# Analysis Framework for Daily Distillation — v2.0

## Methodology

The daily distillation follows a verbatim-first qualitative analysis approach enriched with ethnographic analysis, cost data, and retrospective case studies. User quotes are the primary evidence; researcher interpretation layers on top. Every insight in the report must be traceable to at least one verbatim or quantitative data point.

## Step 1: Data Assembly

Read all files for the target date:
- `~/.uxr-observer/sessions/YYYY-MM-DD/observations.jsonl`
- `~/.uxr-observer/sessions/YYYY-MM-DD/surveys.jsonl`

Parse each JSONL file line-by-line. Separate post-task surveys from end-of-day surveys.

## Step 2: Task-Level Pairing

For each task observed, create a paired record:
- The **observation** (what you saw: intent, approach, outcome, friction signals, sentiment, verbatims, cost, use case, inferred needs)
- The **task context summary** (the narrative of what happened)
- The **ethnographic analysis** (use case, workflow pattern, capabilities, effort/value, inferred needs)
- The **post-task survey** (the user's self-reported rating and verbatim responses)

This pairing is the atomic unit of analysis. Each task should be presentable as a self-contained story: here's what happened, here's the deeper analysis, here's how the user felt about it, here's what they said, and here's what it cost.

## Step 3: Verbatim Organization

Collect ALL verbatims from the day — from observations and from survey responses. For each verbatim, verify the researcher summary header accurately interprets the quote.

Organize into thematic categories:

### Positive Experiences
Quotes expressing satisfaction, delight, surprise at quality, appreciation for speed, etc.

### Pain Points & Frustrations
Quotes expressing frustration, confusion, disappointment, unmet expectations.

### Expectations & Mental Models
Quotes that reveal what the user expected to happen, how they think the tool should work, or gaps between their mental model and reality.

### Suggestions & Wishes
Quotes where the user explicitly or implicitly suggests improvements or alternatives.

### Workflow & Context
Quotes that reveal the user's broader workflow, goals, or constraints that inform how they use the tool.

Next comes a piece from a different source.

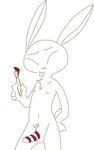  anthro cain_(weaver) erection fan_character fur hand_on_hip lagomorph male mammal nipples nude paintbrush penis rabbit simple_background solo the_weaver tongue tongue_out white_background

If a quote fits multiple categories, include it in the most salient one and cross-reference.

## Step 4: Quantitative Summary

Calculate:
- Total tasks observed
- Post-task survey completion rate (completed / total tasks)
- Average post-task satisfaction rating
- End-of-day overall rating
- Frustration rate (% of post-task surveys where friction = yes)
- Delight rate (% of tasks with positive/delighted sentiment signals)
- Friction event count and type distribution
- Total daily cost (actual vs. estimated, broken down by model and category)
- Average cost per task
- Cost per task category
- PII redaction counts by category

## Step 5: Use-Case Synthesis

From the Ethnographer's data:
- List all use cases active today with their task counts
- For each use case, calculate aggregate satisfaction and cost
- Identify the use case with the best and worst satisfaction scores
- Note workflow patterns (iterative_refinement tends to correlate with what satisfaction levels?)
- Surface any use cases that span multiple days (cross-reference prior reports)

## Step 6: Survey Cross-Reference

Compare post-task survey responses with observation data:

- **Rating vs. friction signals**: Does the user's self-reported rating align with the friction you observed? Divergences are interesting — a high rating despite observed friction suggests high tolerance or low expectations. A low rating despite no observed friction suggests an unmet need you didn't detect.
- **Frustration reported vs. detected**: Did the user report frustration on tasks where you didn't observe friction signals? This reveals invisible pain points.
- **Improvement suggestions**: What themes emerge across improvement_suggestion responses? Pattern these.
- **Cost vs. satisfaction**: Do higher-cost tasks correlate with higher or lower satisfaction? Is there a sweet spot?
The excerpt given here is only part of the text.